Processor models comprise most of the major micro architecture components, including caches, branch predictors, issue queues, and execution units. Parameters to a processor model include characteristics of the micro-architecture and application characteristics. Micro-architecture characteristics consist of component latencies, obtained from processor manuals or from micro-bench-marks. Application characteristics include dynamic instruction mix and statistics on stall causes. These are collected using hardware performance counters and dynamic binary instrumentation tools.
The current versions of these models within SST take the dynamic execution trace, push each instruction through the model, and essentially return the cycle at which each instruction is completed. This information is passed out of the model to any connecting component models. Models can be used as high-level processor components of a larger system simulation or they can be used as stand-alone models for performance prediction and design-space analysis.
EXAMPLE MEMORY STUDY
The SST has been used for a number of studies, including network and memory studies, power/thermal modeling studies, application analysis, and network protocol optimization.
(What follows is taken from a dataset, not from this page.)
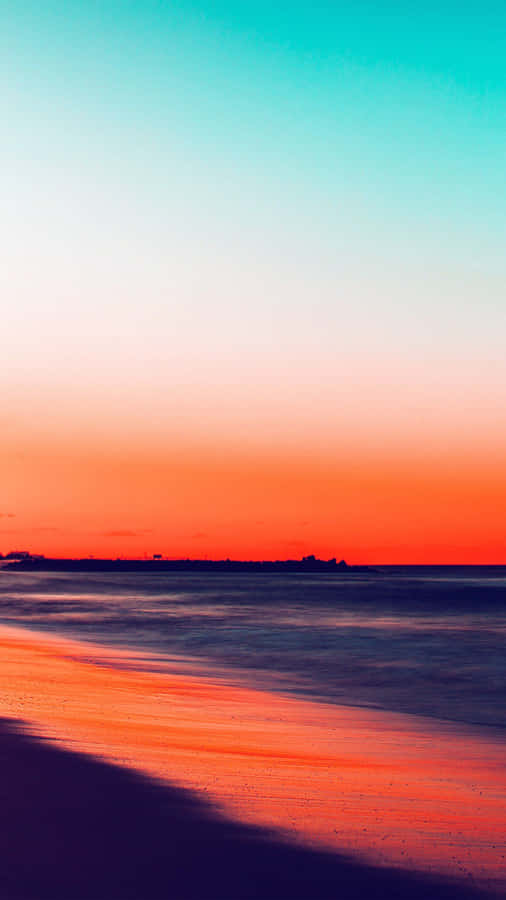 Watch The Sunset Over A Secluded Beach With An Iphone Wallpaper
For many applications, the main memory subsystem is the dominant factor in on-node performance. Understanding how applications stress the memory system is important in optimizing applications and designing future memory sys- Using the genericProc and DRAMSim2 components, an 8-core processor connected to a DDR3 memory system was simulated. Several applications were run to examine different memory usage patterns: GUPS (random access) [4] ; PageRank from the MTGL[31](graph traversal); Mantevo's [2] MiniMD (molecular dynamics); and Mantevo's HPCCG (a sparse matrix-vector multiplication). The effect of the average load-store queue length and memory latency are shown in Figure 2 . This experiment quickly isolates which applications are most memory intensive (GUPS and HPCCG), highlighting a performance bottleneck in the memory system when running GUPS. The extraordinarily high latency of memory operations shows an overloaded memory controller and bandwidth limitation, indicating need for redesign.
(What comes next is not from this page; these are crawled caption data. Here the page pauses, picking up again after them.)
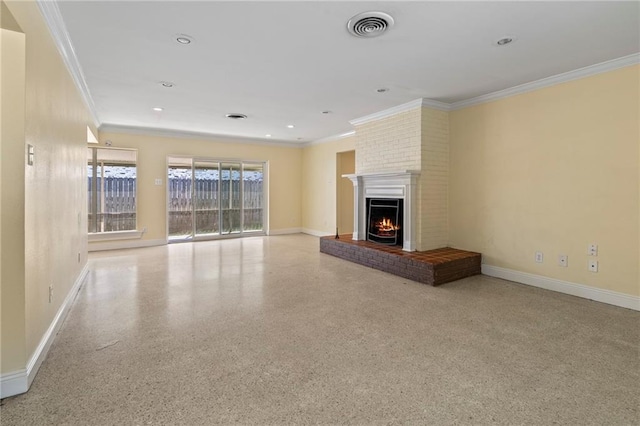 unfurnished living room featuring crown molding, brick wall, and a brick fireplace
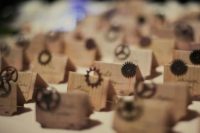 32 seating cards decorated with gears for a steampunk wedding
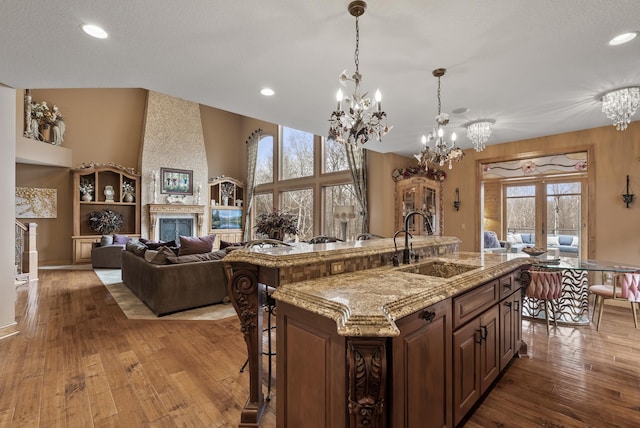 kitchen with a chandelier, wood-type flooring, french doors, and a sink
Using McPAT and DRAMSim2's internal memory models, it is possible to determine the major power consumers for each application (Figure 3 ).
SUMMARY
The SST is an open, modular, parallel, multi-objective, multiscale simulation framework for HPC architectural exploration. It contains a number of components including processors, memory models, network components and storage models, ranging from very detailed to very abstract. Interfaces to a number of power and thermal models allows multi-objective design space exploration. The SST has been used in a number of architectural studies.
The SST project is continuing to grow in a variety of ways. Current projects include: Development of area, cost, reliability technology models; Improvement of partitioning algorithm to include estimates of component computate and memory requirements; More complex storage topologies and RAID [28] configurations, simulation of file system software overheads, and simulation of evolving non-volatile storage architectures such as SSDs and Phase-change memory; Integration of stochastic processor models with execution-based front-end(s) and detailed memory models. Addition of Monte Carlo processor for the IBM Cell BE, the HP Itanium 2, and the Sun Niagara 1; Integration of the MacSim [22] GPU model, Zesto [24, 25] processor model, and M5 node model.